After about 6 months, the bank will usually sell the debt to a collection agency. They sell the debt for a fraction of the amount it was originally. A $10,000 debt may be sold for $1,000. The collection agency, however, is going to attempt to collect the entire cost of the debt, in the hopes of making money.
When the debt first goes delinquent, the attempts to collect the debt will be by mail. Make sure you are opening all correspondence, there could be offers to join payment programs that will help you.
When the banks or collection companies call, answer the phone. You don’t have to answer every phone call but it’s important that you stay in contact with them. Explain your story, be clear & concise as to why you cannot pay.
While you are answering those phone calls, do your best to remain unemotional. Avoid getting angry at what they are saying on the other line. Often times, they are hoping your anger will cause you to agree to their offer so you can get off the phone quickly.
One suggestion is to have a script written ahead of time and use it to guide what you are going to say. Explain what you are dealing with, what you can afford (based on the budget you have already created), and keep it to the facts. There’s no crying in baseball and there’s no emotion with debt collectors!
As you are speaking to the collection agency, request that they send you their offer in writing before you agree to anything. This protects you should something different happen in the future. And if you are counter-offering, send it via certified mail as well.
Before you agree to anything with a debt collector, know your budget! Determine exactly what you can afford in repayments.
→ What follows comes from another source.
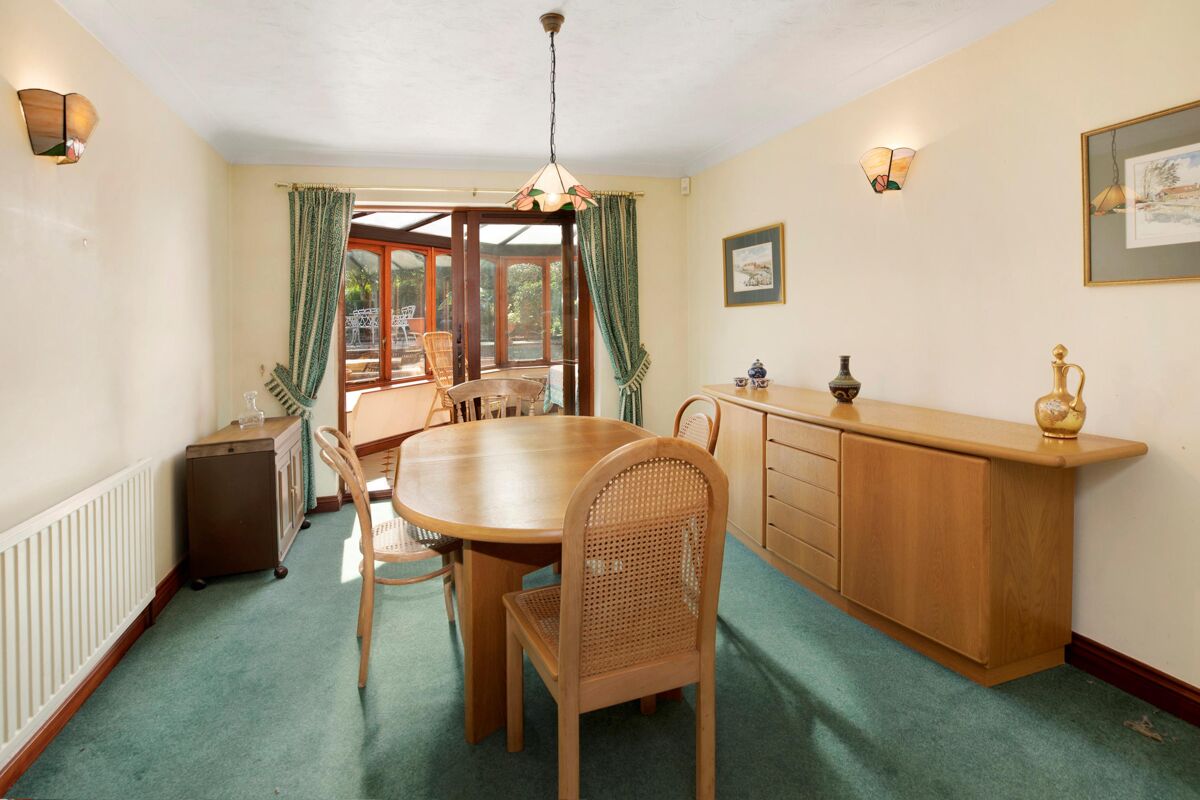 house for sale in Bridgehill Garth, Topsham, Exeter, Devon, EX3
Do you have $1,000 saved up to pay the balance in full? Offer $750 first to see if they will accept it.
Can you pay $50 a month for 6 months? Offer that but nothing more. Paying more than you can afford will not get you out of the financial situation you are in. Make sure you are doing everything you can to avoid further debt, delinquency, and stress by knowing your budget.
Whether you are offering a lump sum to absolve yourself of the debt or offering a monthly payment, start small with your offer. Collection agencies buy your debts for a small percentage of what you initially borrowed and what you now owe. Offer the company 25% of that balance first.
The company may counter with 80%, do not accept that amount. They are still doubling their money. If you have enough to counter again, offer 40% of the balance. If that is not accepted, agree to make small (very small) monthly payments while you save up for another lump sum offer.
Before you fulfill your obligations and the debt is satisfied, request that the collection agency clears up the negative marks on your credit report. Negative reporting can stay on there for 7 years, get them removed now while you can. (Don’t forget to get this in writing!)
Dealing with past due debt is one of the hardest steps to improving your financial situation. No one wants to talk about why they are delinquent. No one wants to admit that things have gotten bad. However, negotiating that debt is necessary for moving forward, hopefully, these seven steps will help you do so quickly.